90 Minuten lang zieht Ilker Çatak die, nennen wir es, Moralschraube an, beobachtet Carla dabei, wie sie sich immer mehr verrennt, wie sie versucht, das Richtige zu tun, dabei aber ihre eigenen moralischen Ansprüche nicht länger einhalten kann. Sie ist eine Getriebene, man könnte sagen ein Gutmensch, unter Druck gesetzt von ihren Kolleg*innen, von Helikoptereltern, die absurde Ansprüche stellen und nicht etwa das Beste für die Klasse, sondern das Beste für ihr Kind wollen. Vor allem aber getrieben von einer Gesellschaft, die inzwischen dazu neigt, bei jedem noch so kleinen Fauxpas einen Shitstorm vom Zaun zu brechen.
Wie man angesichts eines solchen Drucks die Ruhe behalten soll, wie sich das große Ganze vielleicht zu einer größeren Gelassenheit entwickeln kann: Auf diese Fragen weiß am Ende auch Çatak keine Antwort. Etwas unbefriedigend mutet es daher an, dass er seinen Film in der Schwebe enden lässt, dass die Geschichte an einem Punkt einfach vorbei ist und nicht zu einem runden Ende geführt wird. Dennoch hat Ilker Çatak mit „Das Lehrerzimmer“ seinen bislang besten Film gedreht. Seit seinem 2017 entstandenen Langfilmdebüt „Es war einmal Indianerland“ ist dies inklusive eines Tatorts schon sein fünfter Film, eine beeindruckende Produktivität, die sich nicht zuletzt in einer zunehmend souveränen Regie zeigt, einer präzisen Bildgestaltung, die mit einfachen filmischen Mitteln arbeitet, aber enorm effektiv in die Psyche seiner Hauptfigur blicken lässt.

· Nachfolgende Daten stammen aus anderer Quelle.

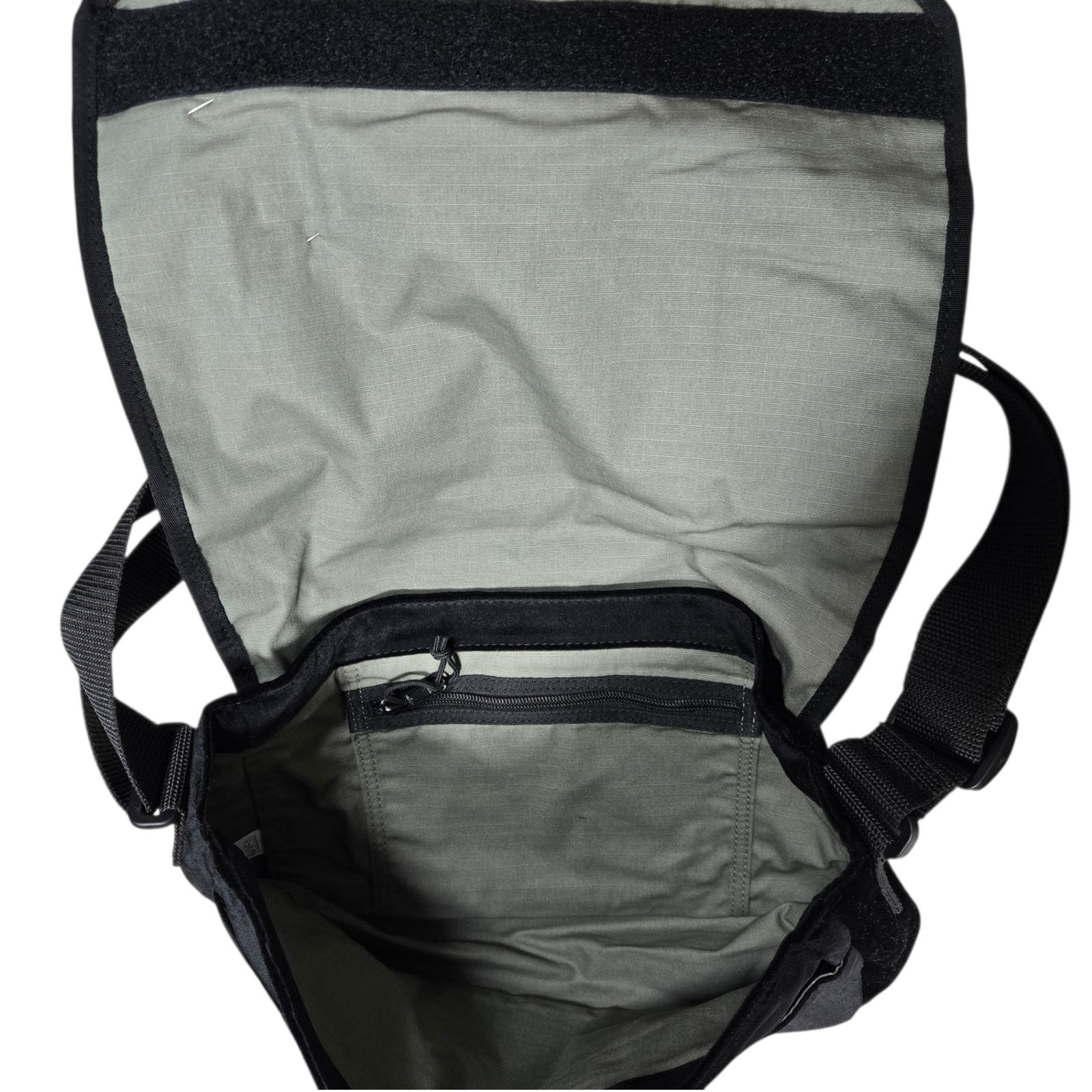 ◇ Supreme シュプリーム スモールメッセンジャーバッグ ベルベット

Fazit: Ein dichtes, intensives Psychogramm, in dem Ilker Çatak von einer jungen Lehrerin erzählt, die angesichts eines Diebstahls an ihrer Schule das Richtige tun will und sich dabei zunehmend in moralischen Fallstricken verliert.
Wir haben „Das Lehrerzimmer“ im Rahmen der Berlinale 2023 gesehen.